Lumière: voilà probablement le mot qui vient d’abord en tête en visitant Les impermanents, l’exposition de l’artiste visuel Yann Pocreau présentée au Musée des Beaux-Arts de Montréal (MBAM) jusqu’au 1er août. Lumière dans une exploration de l’impact de ces photons sur nos rétines, d’une façon ou d’une autre.
D’une façon qui pourrait paraître presque paradoxale, à certains égards, cette exposition est présentée dans un ensemble de salles à l’éclairage presque terne. Pas de point de vue sur l’extérieur, si ce n’est via la porte qui clôt la galerie, à l’instar de bien d’autres expositions, mais aussi des lumières tamisées.
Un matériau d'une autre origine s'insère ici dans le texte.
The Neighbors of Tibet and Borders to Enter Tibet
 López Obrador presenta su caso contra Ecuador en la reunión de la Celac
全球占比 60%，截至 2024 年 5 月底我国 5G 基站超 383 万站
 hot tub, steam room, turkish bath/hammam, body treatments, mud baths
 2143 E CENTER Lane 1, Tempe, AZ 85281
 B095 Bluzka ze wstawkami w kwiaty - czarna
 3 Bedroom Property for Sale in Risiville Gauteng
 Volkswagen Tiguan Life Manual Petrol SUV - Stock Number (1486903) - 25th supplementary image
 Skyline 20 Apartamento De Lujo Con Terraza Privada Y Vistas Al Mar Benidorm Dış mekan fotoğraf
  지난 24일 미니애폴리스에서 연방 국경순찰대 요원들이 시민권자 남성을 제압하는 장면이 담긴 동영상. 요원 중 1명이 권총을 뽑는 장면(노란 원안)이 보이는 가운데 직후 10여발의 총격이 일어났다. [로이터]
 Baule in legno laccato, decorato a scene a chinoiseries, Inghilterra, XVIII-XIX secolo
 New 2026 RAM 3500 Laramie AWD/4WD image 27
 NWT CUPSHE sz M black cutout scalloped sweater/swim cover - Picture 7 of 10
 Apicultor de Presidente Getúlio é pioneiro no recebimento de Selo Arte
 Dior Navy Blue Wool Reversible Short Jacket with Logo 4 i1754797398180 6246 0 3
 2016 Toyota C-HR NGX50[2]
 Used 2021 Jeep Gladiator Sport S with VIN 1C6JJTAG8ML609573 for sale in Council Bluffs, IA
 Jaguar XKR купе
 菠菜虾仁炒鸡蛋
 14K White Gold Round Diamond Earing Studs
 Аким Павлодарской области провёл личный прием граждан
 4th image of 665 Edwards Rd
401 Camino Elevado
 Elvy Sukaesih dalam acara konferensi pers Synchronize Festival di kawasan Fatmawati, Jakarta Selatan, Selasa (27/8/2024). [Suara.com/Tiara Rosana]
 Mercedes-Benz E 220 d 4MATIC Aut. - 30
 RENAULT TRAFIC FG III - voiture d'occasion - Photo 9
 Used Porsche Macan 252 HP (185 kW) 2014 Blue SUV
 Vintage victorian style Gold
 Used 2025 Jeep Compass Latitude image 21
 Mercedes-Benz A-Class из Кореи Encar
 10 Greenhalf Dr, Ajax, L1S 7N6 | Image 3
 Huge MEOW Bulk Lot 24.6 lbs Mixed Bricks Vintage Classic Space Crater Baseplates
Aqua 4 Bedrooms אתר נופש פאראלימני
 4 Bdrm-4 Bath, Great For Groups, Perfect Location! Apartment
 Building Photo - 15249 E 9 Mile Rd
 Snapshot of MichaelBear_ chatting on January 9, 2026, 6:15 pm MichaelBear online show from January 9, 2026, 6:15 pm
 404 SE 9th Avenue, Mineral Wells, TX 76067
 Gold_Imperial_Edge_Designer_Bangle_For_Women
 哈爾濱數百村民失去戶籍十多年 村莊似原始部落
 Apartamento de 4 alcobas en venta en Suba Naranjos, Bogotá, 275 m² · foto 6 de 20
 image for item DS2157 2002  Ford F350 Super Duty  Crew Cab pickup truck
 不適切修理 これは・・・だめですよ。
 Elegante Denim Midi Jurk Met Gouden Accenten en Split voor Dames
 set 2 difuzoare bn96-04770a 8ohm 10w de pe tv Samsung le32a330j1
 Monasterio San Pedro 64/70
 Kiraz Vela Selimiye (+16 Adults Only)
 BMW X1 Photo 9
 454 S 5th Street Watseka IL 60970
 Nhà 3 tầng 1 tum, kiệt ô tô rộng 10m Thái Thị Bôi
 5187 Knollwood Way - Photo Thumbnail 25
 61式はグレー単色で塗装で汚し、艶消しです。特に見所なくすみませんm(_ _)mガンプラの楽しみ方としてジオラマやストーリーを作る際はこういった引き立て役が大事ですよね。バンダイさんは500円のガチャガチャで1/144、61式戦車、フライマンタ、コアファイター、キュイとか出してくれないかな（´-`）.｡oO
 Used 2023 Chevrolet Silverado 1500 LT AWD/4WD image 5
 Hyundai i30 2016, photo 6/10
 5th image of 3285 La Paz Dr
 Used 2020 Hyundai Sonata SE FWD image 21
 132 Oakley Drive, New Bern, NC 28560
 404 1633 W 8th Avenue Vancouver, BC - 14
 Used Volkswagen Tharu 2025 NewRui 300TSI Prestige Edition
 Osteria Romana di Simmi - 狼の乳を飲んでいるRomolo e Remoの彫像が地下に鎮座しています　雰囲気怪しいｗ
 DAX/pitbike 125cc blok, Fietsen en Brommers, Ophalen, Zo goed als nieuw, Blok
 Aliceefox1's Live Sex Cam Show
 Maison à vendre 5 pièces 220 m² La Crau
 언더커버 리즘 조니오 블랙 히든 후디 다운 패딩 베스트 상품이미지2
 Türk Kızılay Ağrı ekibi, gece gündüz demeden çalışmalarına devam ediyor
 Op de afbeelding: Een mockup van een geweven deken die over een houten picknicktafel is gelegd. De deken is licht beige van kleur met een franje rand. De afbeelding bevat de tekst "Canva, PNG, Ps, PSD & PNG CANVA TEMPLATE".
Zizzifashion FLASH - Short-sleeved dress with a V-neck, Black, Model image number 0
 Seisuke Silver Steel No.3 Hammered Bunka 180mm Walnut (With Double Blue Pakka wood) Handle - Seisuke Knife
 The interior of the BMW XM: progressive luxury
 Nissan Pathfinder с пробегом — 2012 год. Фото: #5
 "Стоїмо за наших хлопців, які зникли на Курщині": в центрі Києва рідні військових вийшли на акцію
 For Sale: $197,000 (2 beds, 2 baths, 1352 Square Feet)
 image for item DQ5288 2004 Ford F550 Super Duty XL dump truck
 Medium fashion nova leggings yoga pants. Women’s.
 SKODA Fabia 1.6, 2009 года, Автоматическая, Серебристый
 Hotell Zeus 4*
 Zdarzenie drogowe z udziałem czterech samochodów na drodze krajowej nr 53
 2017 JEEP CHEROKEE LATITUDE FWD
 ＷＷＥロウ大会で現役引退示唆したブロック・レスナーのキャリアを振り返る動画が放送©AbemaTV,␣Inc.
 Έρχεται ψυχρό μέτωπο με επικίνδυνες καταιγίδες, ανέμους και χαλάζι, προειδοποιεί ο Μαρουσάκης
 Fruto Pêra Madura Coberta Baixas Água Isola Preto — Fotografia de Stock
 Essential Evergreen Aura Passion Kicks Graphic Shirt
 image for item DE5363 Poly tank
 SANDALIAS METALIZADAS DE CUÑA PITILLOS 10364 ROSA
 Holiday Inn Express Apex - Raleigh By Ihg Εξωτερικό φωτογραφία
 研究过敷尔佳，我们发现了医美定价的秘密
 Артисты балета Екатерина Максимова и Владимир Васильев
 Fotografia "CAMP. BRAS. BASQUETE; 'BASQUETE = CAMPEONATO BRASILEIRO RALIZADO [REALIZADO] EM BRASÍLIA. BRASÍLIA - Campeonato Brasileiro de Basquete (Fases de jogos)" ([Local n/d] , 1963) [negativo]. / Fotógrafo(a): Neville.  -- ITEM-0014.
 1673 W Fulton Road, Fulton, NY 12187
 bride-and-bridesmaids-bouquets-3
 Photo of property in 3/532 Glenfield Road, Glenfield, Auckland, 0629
La raison en est fort simple: sur l’un des murs de la salle, M. Pocreau a installé des tirages photographiques dont certains ne sont pas traités pour résister aussi bien à la lumière. De fait, confie l’artiste dans le cadre d’une visite organisée par le Musée, certaines des images déjà diaphanes disparaîtront avec le temps, jusqu’à n’être presque plus visibles, voire carrément impossibles à distinguer des zones colorées contigües de ces diptyques.
Si cette oeuvre de grande taille est probablement la plus « performative » du lot, avec ces images qui sont appelées à disparaître d’ici la fin de l’exposition, l’ensemble de la présentation de l’artiste s’appuie sur cette réflexion par rapport à l’image, à la lumière. Des anciennes photos dévorées par le temps aux rayons de soleil, représentés par des barres de laiton, qui semblent traverser la pièce, en passant par des constellations qui illuminent des portraits de gens décédés depuis belle lurette, Yann Pocreau semble non seulement s’amuser à jouer sur ce qui traverse notre rétine pour atteindre le fond de nos yeux, envoyant du même coup un stimulus visuel à notre cerveau, mais aussi à insister sur le fait qu’en fin de compte, rien n’est permanent.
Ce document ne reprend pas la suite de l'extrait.